Friday, October 10, 2014

Why isn't there an 'unlike' button?

I’ll jump right to it.  This week I read “The Social Network.”  Despite all of the problems and content that I didn’t care for, it was a well written and compelling script.  I have to say that I liked it, even though there isn’t a single reason I can think of to do so.  There isn’t a great scene, a grand hero, a victory, or anything, really, except a bunch of very smart, very small people being mean to each other.

Thing is, it’s about Facebook, and somehow that makes this story larger than life.

The problem I have with the script is the same problem I have with Facebook itself.  There’s a whole lot of trash mixed in with the lives of people I don’t really know or care about.  It’s a story of over-sharing and back stabbing without a hero.  It’s a story of arrogance and hedonistic self-indulgence.   And once you start it, you have to finish it – drunken drug-induced orgies and all.

To be fair, much like the real Facebook, the worst of the bad is hidden in subtext so the censors don’t have to cut anything out, but I have no intention of ever actually watching it.  What is there in the story isn’t entertainment.  Neither are videos of cats taking a bath, but they still get a lot of views.

Maybe that’s why I liked it?  It was a commentary on how banal the most successful social networking site in the world really is – and has been right from the get-go.
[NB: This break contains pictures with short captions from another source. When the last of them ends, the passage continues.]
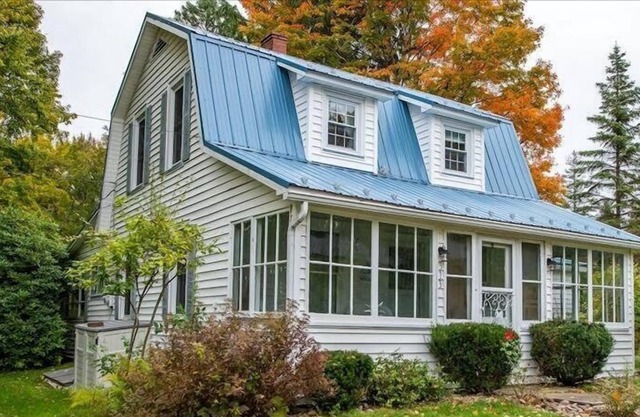 Snug Harbor - Robin Real Estate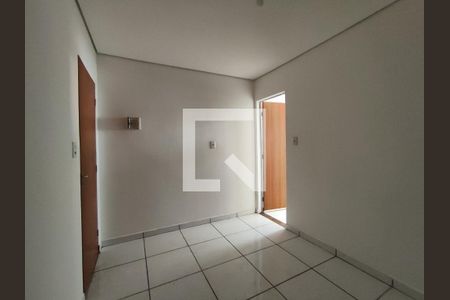 Sala/Cozinha de casa para alugar com 1 quarto, 30m² em Pedra Azul, Contagem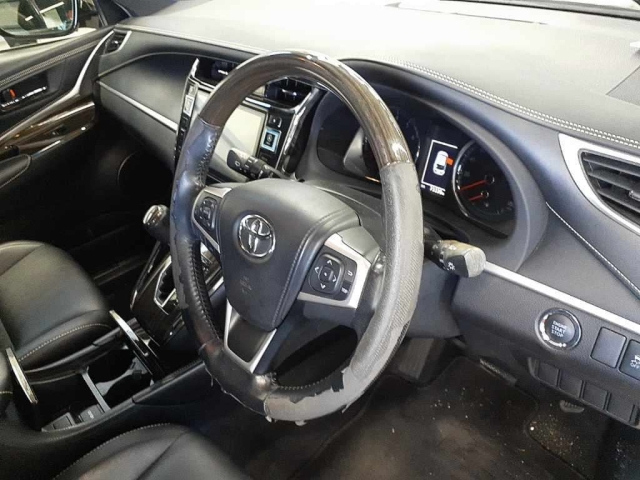 TOYOTA HARRIER 2014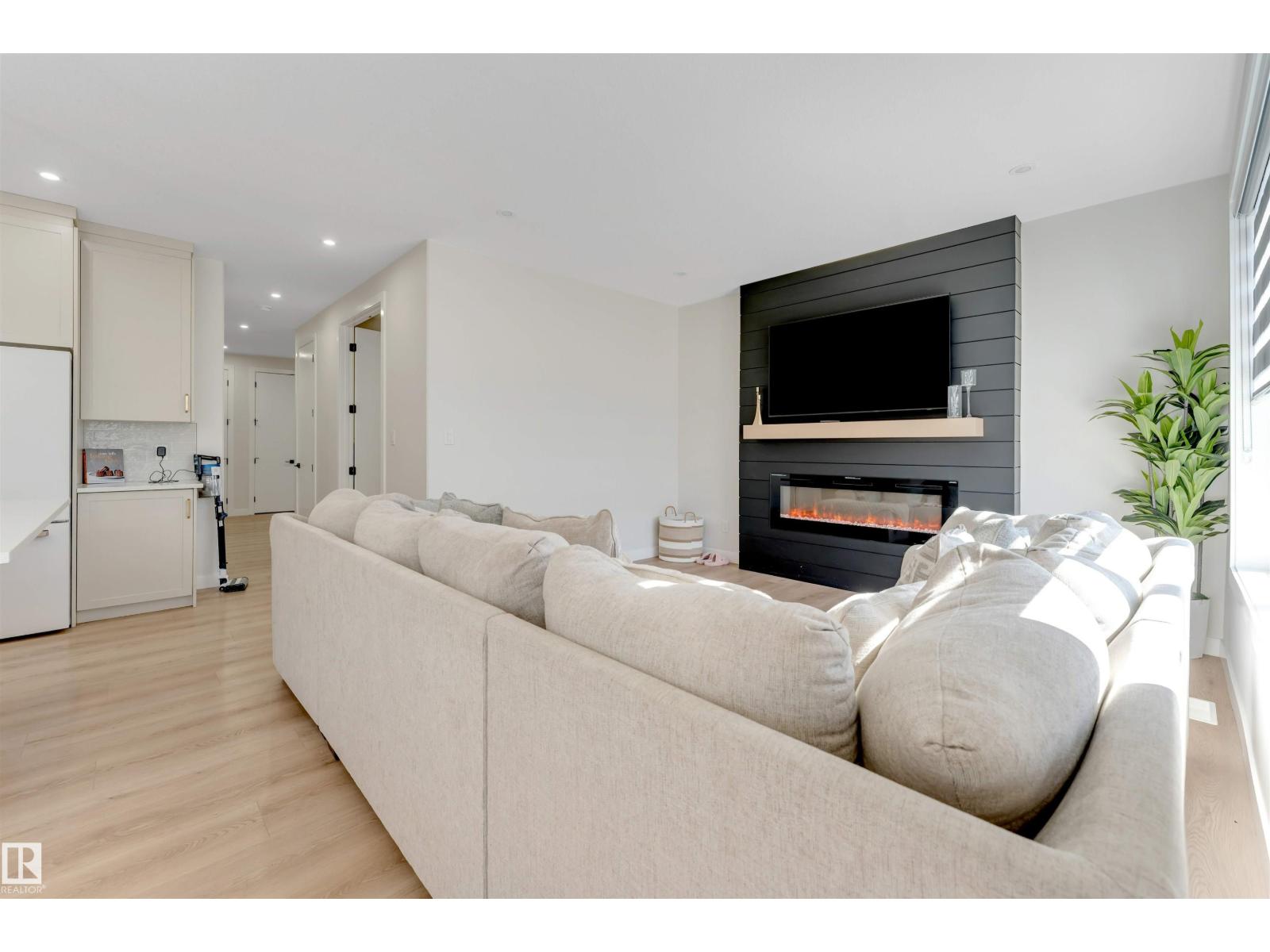 7007 169 Av Nw Nw, Edmonton, Alberta  T5Z 0H2 - Photo 11 - E4486933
Don’t get me wrong, I’m not a Facebook “hater” but nobody can deny how much more narcissistic it has made our culture.  And at the expense of true knowledge – like what narcissistic means and where it came from.

If you want to write screenplays, read this script.  There are some interesting transitions and it uses flashbacks masterfully.  It also draws characters and settings extremely well.  Then there’s the pacing,  top notch.  It’s technically an outstandingly well executed document.  But if you aren’t writing screenplays, just watch the movie -- if you’re in to that sort of thing.

I know that doesn’t make any sense.  How can I be so down on it and still like it?  Still be thinking about the script days later?  Actually put off writing on my project so I could finish it?  It’s got to be the magic of the site itself, the addiction that keeps us logging in, time and time again.